# Arrowsmith II The Next Batch...



## TEX-O-BOB (Sep 12, 2007)

Some of you may remember last years post: "Arrow Smith, the craft not the band"...

Well, those arrows were for my Autumn Oak Black Widow recurve. As many of you know AP sent me an Osage Self-Bow last month. Well, I tried to shoot the self-bow right along side of my recurve and it just wasn't working out. My mind couldn't get wrapped around the two different bow styles and I wasn't shooting either one worth a ****. So, I broke out the longbow that Mike Bird made me and dusted the thing off. As it turns out the arrows I made for the recurve shot really well in the longbow. But they didn't match... Gotta have arrows that match yer bow! Duh! So, I went into the arrow shaft overstock room and found some shafts that would shoot and went to work. ****! I think I outdid myself! These are the Shizzle Manizzel! I think they're the purdiest arrows I've ever made. 8) I hope they fly good... :shock:

Wadda Ya' all think...


----------



## Califbowmen (Jul 1, 2008)

Really nice looking arrows, just wish I had the talent to make my own. I had a friend bring me a longbow, made with an osage riser and red elm limbs. It is a beautiful bow and shoots nicely. I just need to practice more instinctive shooting. The bow is 64" long and is approximately 40 lbs at 28 in. I'll try and get you a photo.


----------



## TEX-O-BOB (Sep 12, 2007)

Please do!


----------



## Riverlution (Sep 23, 2008)

Those are very impressive. That is one heck of talent. You will have to show us the carnage if you hunt with them this year.


----------



## Gaston (Dec 6, 2008)

Work of art !


----------



## idiot with a bow (Sep 10, 2007)

We have the same color scheme on our bows! I knew we would find common ground one day...


----------



## TEX-O-BOB (Sep 12, 2007)

idiot with a bow said:


> We have the same color scheme on our bows! I knew we would find common ground one day...


----------



## TEX-O-BOB (Sep 12, 2007)

Riverlution said:


> Those are very impressive. That is one heck of talent. You will have to show us the carnage if you hunt with them this year.
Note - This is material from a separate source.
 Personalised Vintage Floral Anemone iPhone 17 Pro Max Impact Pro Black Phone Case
That carnage will start this coming Saturday in Montana with AP. I've got three days to hunt and three speedgoat tags in my pocket. :twisted:


----------



## proutdoors (Sep 24, 2007)

Very nice. 8)


----------



## Bowdacious (Sep 16, 2007)

Those do look good....are you sure you didn't have help? :wink:


----------



## TEX-O-BOB (Sep 12, 2007)

Lets see...

I selected the shafts.
I spine tested each one.
I grain weighed them all.
I spent a week straightening them all to within .005 tolerances.
I cut them to length.
I tapered the nock and broadhead ends.
I sanded them smooth.
I stained them.
I burnished the stain with steel wool.
I masked off the nock end at 7 inches.
I painted the black cap on the nock end.
I glued on the nocks.
I hand crested them.
I died each of the red feathers by hand before having them ground.
I selected and cut each feather to length (60 of em)
I taped each feather on every arrow.
I burned each feather on each arrow to give them their custom shape.
I dremelled the ends of each feather to give them a smooth transition to the shaft.
I spot glued each feather end.
I glued on each field point and broadhead.
I took the picture of them with my bow.
I posted the whole mess on the internet forum.
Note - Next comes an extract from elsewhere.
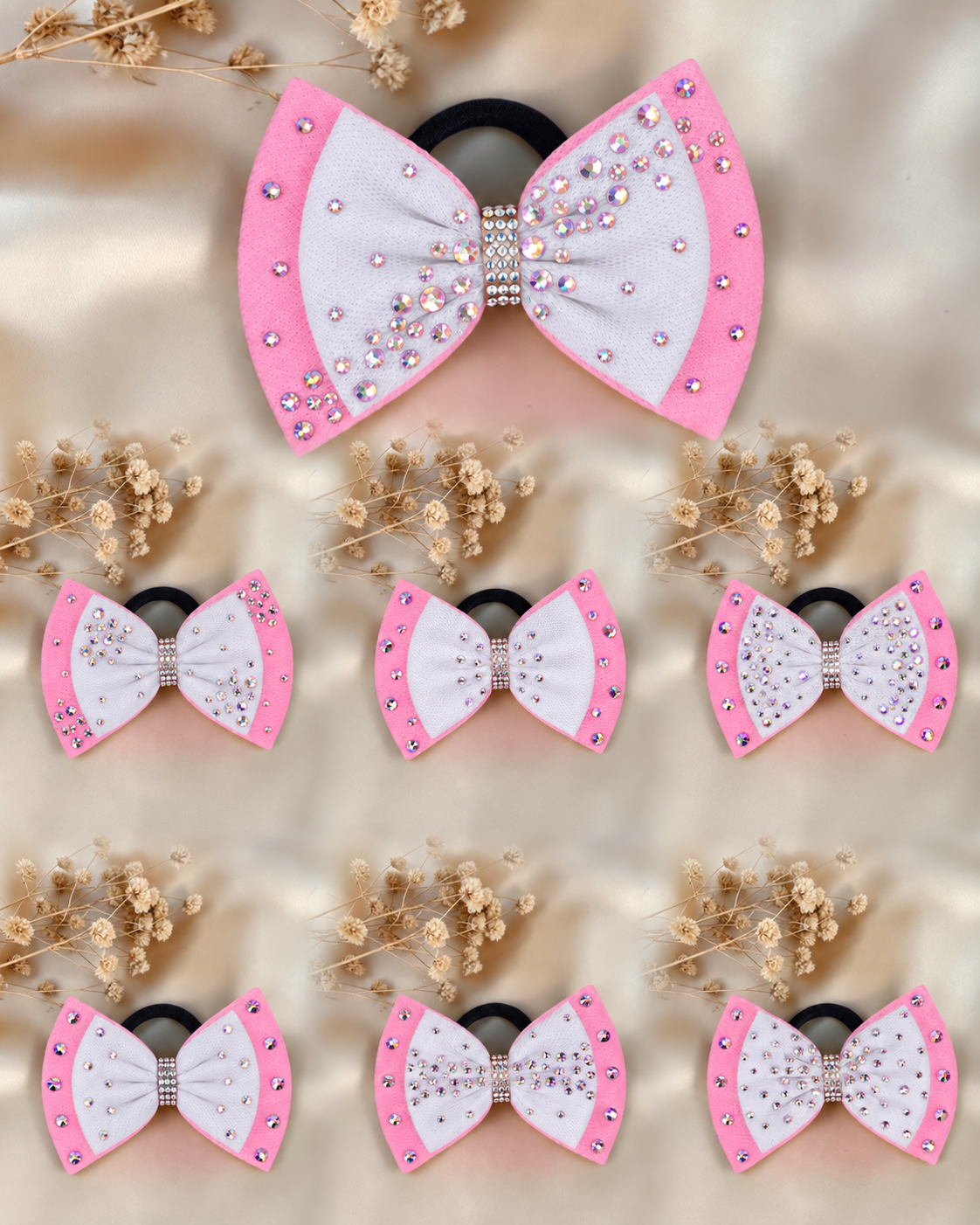 White on Bubble Gum Pink Bow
So, lets see, I did send the feathers off to Idaho to be ground and prepped for fletching. And someone else in Idaho actually made the shaft from raw cedar stalk. So I did have help with that. But other than that... I did it all by myself!  8)


----------



## skeet4l (Sep 11, 2007)

Very nice Tex.


----------



## Rock Pile (Jul 15, 2008)

Tex, how long do your woodies stay shooting straight? Do you need to tweek them frequently?


----------



## TEX-O-BOB (Sep 12, 2007)

Rock Pile said:


> Tex, how long do your woodies stay shooting straight? Do you need to tweek them frequently?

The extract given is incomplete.